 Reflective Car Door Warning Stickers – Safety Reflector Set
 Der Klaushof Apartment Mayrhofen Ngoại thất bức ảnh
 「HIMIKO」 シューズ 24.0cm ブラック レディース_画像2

◆ ◆ ◆ ◆ ◆ ◆ ◆

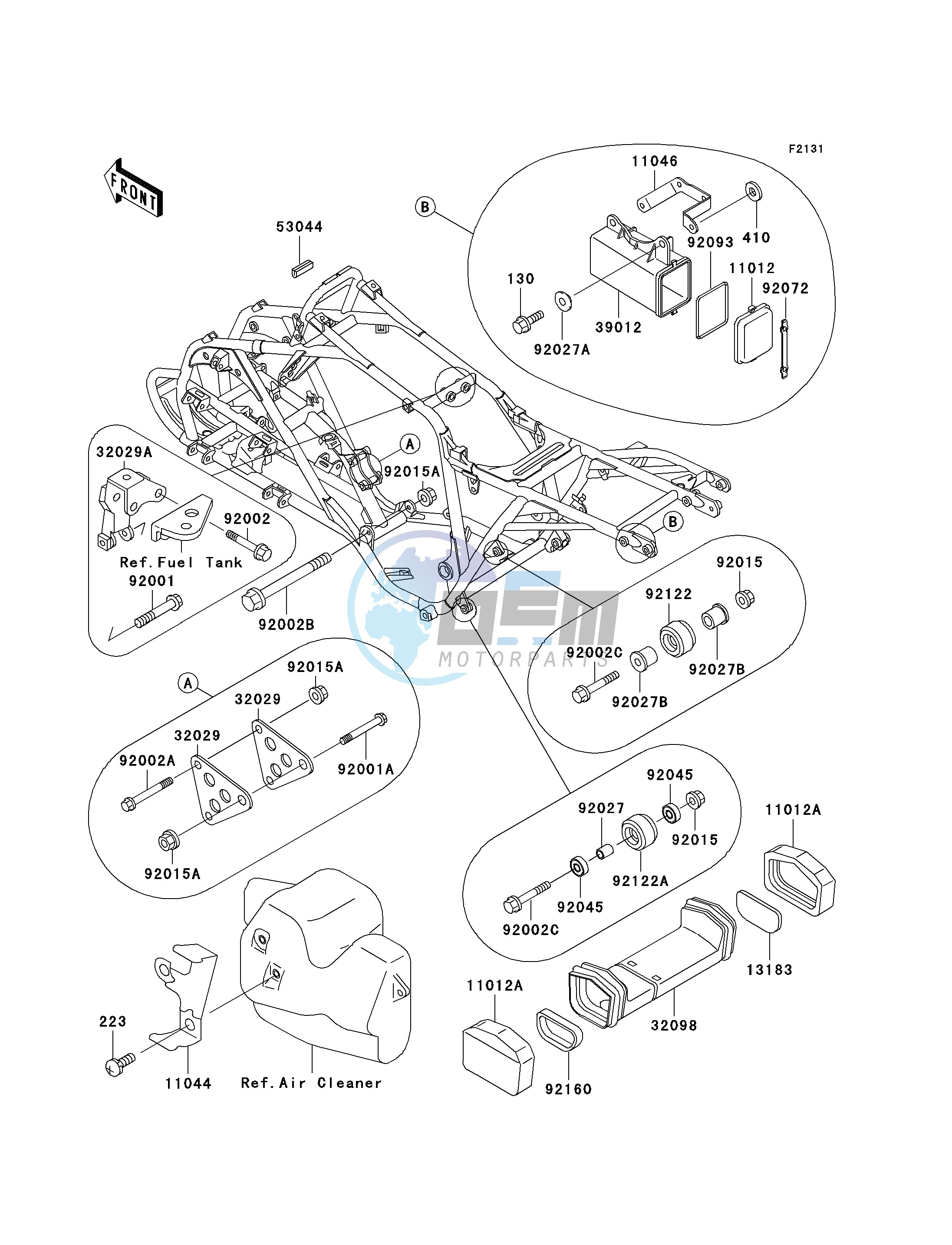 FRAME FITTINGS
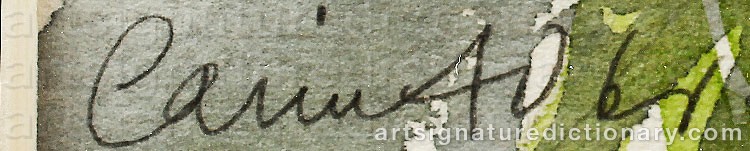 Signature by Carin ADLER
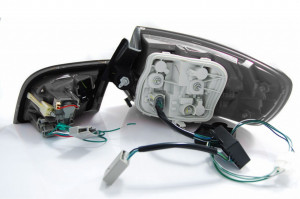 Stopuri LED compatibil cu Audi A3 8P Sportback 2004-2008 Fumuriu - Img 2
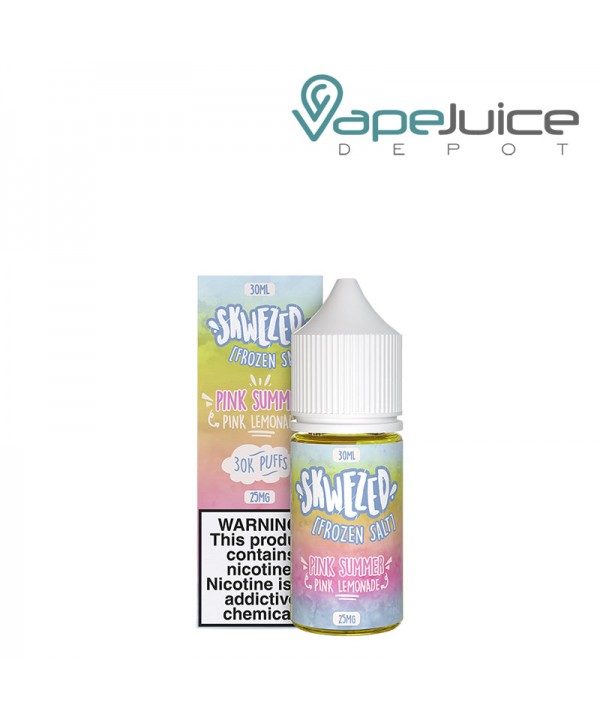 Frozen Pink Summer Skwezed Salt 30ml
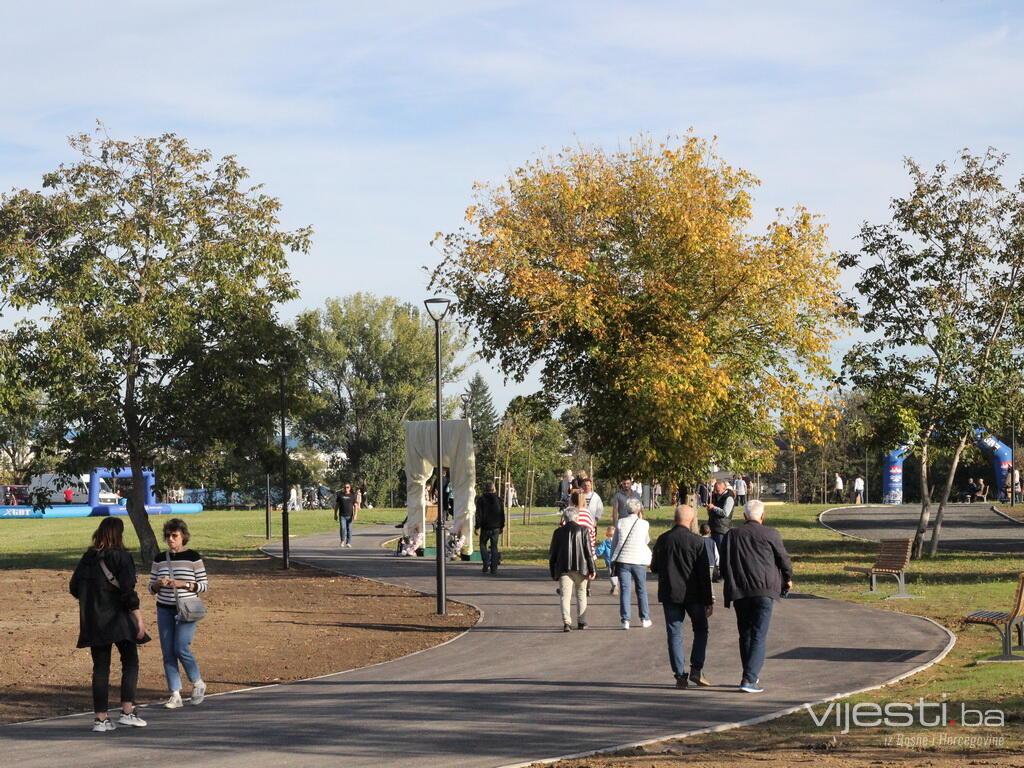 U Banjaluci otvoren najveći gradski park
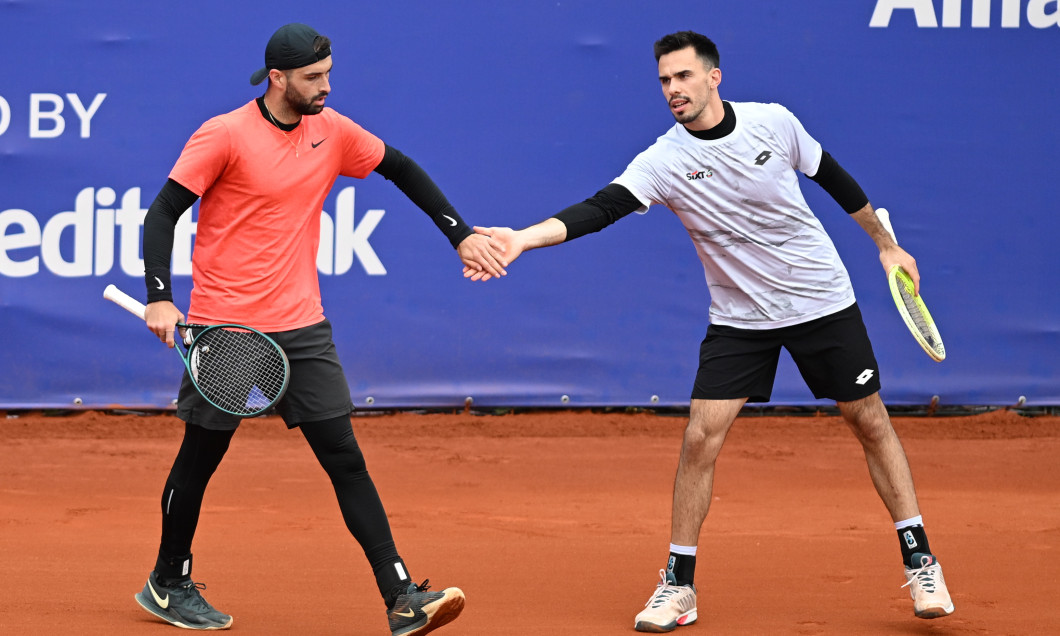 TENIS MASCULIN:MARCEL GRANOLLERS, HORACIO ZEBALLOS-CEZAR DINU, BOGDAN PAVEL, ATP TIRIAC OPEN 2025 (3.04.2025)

◆ ◆ ◆ ◆ ◆ ◆ ◆

For the material above, reproduce exactly the lines from the line with "Reflective Car Door" to the line with "24.0cm ブラック レディース_画像2", inclusive, and exclude all others.

 Reflective Car Door Warning Stickers – Safety Reflector Set
 Der Klaushof Apartment Mayrhofen Ngoại thất bức ảnh
 「HIMIKO」 シューズ 24.0cm ブラック レディース_画像2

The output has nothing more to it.